The “kid” Sanchez referred to, last July, is 18-year-old Ramkumar Ramanathan, curly-haired, reed-thin, and — when he manages the time — a student of Economics at Loyola. Ramkumar has a way to go before he begins living up to Sanchez’s words, but the early signs are very promising. A two-time junior National champion, he recently won his first major senior title — the National grass-court championship in Kolkata.

While the tournament is no longer India’s premier tennis event, it retains a certain nostalgic appeal and remains difficult to win for young, upcoming players. For, it draws canny veterans who are familiar with the South Club’s grass courts and use this knowledge to outmanoeuvre less-experienced players.

Indeed Ramkumar has had little game-time on grass, a fast, tricky surface that needs quick adaptation. He has played intermittently on the artificial grass courts at Sanchez-Casal, but they haven’t the inconsistent, skiddy bounce that makes natural grass so difficult to adjust to.

“It was tough getting used to because I don’t play often on it,” says Ramkumar. “I just wanted to focus on the basics and play free tennis. I wasn’t really worried about the results. I knew that if I played solid on any surface, I’d do well. And I gradually improved over the tournament, I started serving better, I constructed points better, mixed it up, and I was feeling good by the end of the tournament. My confidence is really good now. It was great to win where so many great players have won in the past. It felt historic.”

The professional game being what it is, Ramkumar has had little time to dwell on his achievement. He has three ITF Futures tournaments to play, in Chennai, Madurai, and Tiruchi, before he returns to Sanchez-Casal for another spell. It’s to his training in Barcelona that he attributes his rapid development.

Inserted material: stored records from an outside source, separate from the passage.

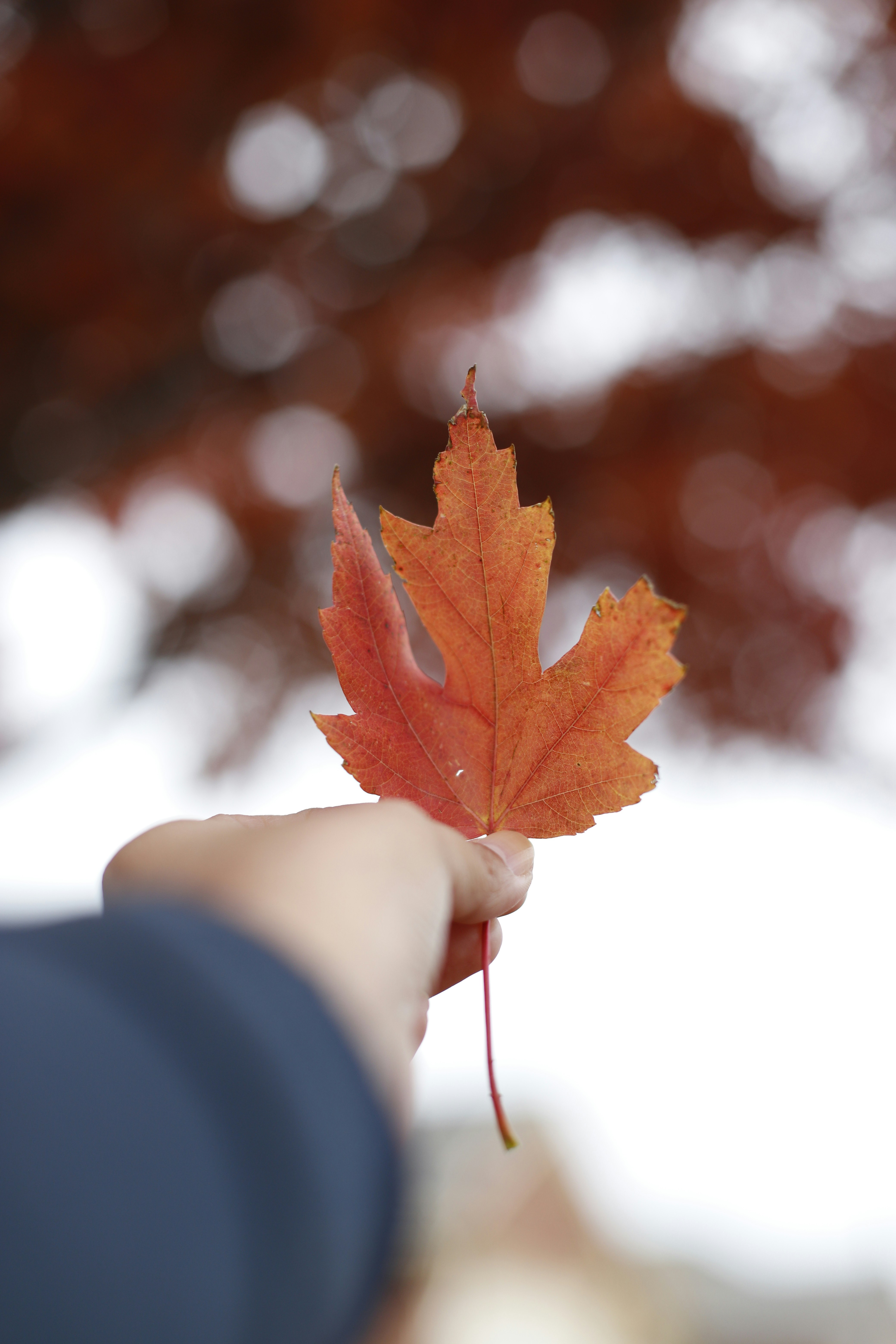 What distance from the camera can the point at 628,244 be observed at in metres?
2.80

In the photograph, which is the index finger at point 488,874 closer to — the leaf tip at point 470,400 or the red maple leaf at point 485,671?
the red maple leaf at point 485,671

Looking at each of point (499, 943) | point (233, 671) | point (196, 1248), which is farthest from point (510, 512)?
point (233, 671)

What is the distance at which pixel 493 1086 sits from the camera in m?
0.54

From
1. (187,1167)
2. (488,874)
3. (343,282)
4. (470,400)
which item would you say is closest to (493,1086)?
(488,874)

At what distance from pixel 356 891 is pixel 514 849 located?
168mm

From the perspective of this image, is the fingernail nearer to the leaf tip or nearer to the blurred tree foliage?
the leaf tip

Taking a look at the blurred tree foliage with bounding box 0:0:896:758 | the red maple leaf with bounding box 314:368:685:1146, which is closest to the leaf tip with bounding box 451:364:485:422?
the red maple leaf with bounding box 314:368:685:1146

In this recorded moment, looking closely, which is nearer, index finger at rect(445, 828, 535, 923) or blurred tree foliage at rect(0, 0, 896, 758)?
index finger at rect(445, 828, 535, 923)

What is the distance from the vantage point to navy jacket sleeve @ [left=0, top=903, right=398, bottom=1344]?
0.33 m

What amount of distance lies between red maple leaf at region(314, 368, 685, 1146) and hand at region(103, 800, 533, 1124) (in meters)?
0.06

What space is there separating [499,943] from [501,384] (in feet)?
8.50

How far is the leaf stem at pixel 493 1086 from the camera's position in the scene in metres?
0.54

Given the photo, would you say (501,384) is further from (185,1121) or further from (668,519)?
(185,1121)

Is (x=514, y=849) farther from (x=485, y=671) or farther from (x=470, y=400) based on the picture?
(x=470, y=400) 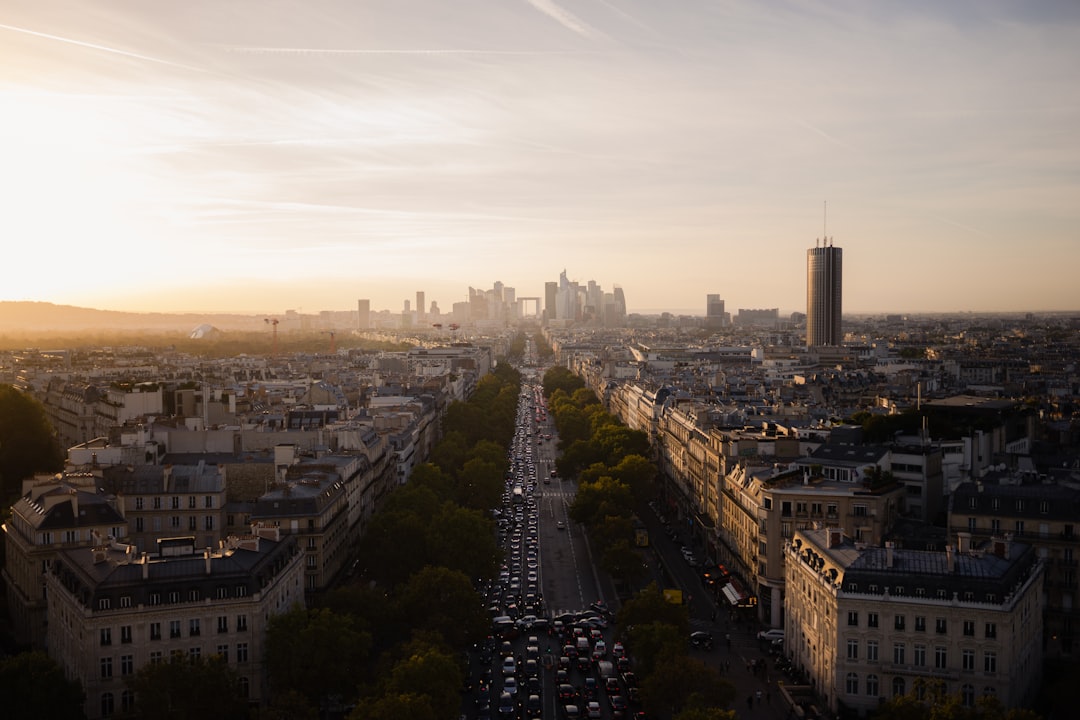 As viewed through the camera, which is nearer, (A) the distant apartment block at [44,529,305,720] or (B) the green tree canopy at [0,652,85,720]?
(B) the green tree canopy at [0,652,85,720]

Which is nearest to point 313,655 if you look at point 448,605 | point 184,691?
point 184,691

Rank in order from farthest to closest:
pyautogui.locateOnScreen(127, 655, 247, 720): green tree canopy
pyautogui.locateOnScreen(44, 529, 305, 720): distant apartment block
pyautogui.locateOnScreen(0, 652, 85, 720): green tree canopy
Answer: pyautogui.locateOnScreen(44, 529, 305, 720): distant apartment block
pyautogui.locateOnScreen(127, 655, 247, 720): green tree canopy
pyautogui.locateOnScreen(0, 652, 85, 720): green tree canopy

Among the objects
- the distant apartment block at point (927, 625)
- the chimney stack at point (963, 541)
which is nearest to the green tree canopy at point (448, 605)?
the distant apartment block at point (927, 625)

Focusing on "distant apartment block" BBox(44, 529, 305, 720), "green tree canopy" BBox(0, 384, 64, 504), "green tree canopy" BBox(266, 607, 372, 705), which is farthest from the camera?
"green tree canopy" BBox(0, 384, 64, 504)

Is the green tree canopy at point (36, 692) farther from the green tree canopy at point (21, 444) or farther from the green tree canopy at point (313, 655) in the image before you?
the green tree canopy at point (21, 444)

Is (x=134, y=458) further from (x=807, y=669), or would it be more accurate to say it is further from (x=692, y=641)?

“I’m grateful to all the coaches at Sanchez, and to the Tamil Nadu Tennis Association (TNTA) who make this possible,” he says. “It’s very physical, the training, a lot of running, the fitness sessions are really tough, and you focus on the basics every day. The exposure and experience of playing against people from around the world has really helped. You see the top players train; you know what you have to do.”

What does a typical day at Sanchez-Casal involve? “I work with my coach Joan Balcells for about four hours every day, hitting a lot of balls and doing various drills. The coaches keep pushing us just that little bit more every session, you don’t really realise it, but you are always doing a little more. Each box has about 250 to 300 balls, and we finish about four or five of them. There’s an order in which the training progresses. It’s all about the basics, movement, constructing a point. It’s a lot of hard work.”

But for all his time in Barcelona — more than a year, spread across various stints, since 2010 — Ramkumar might have stagnated had he not maintained a similar regimen here in Chennai. This he did by training at the Nungambakkam Tennis Stadium and Triangular Tennis Trust, and fitting in fitness sessions at MCC, Maverick Gym, and TTT.

“Sanchez sends me a schedule of fitness, they monitor me from there,” says Ramkumar. “Chandra sir (coach Tyagarajan Chandrasekaran) has helped me a lot, he is very supportive. Rajiv (Naidu) sir is working with me as well at the Stadium where Tamil Nadu players train. The intensity of practice is very important. You must focus on improving in every session, if you miss even one, it’s very tough to keep up.”

Currently ranked in the world’s top 800, Ramkumar aims for a top-300, year-end finish. It’s a stretch — but entirely in keeping with his nature to extend himself beyond what is commonly thought possible.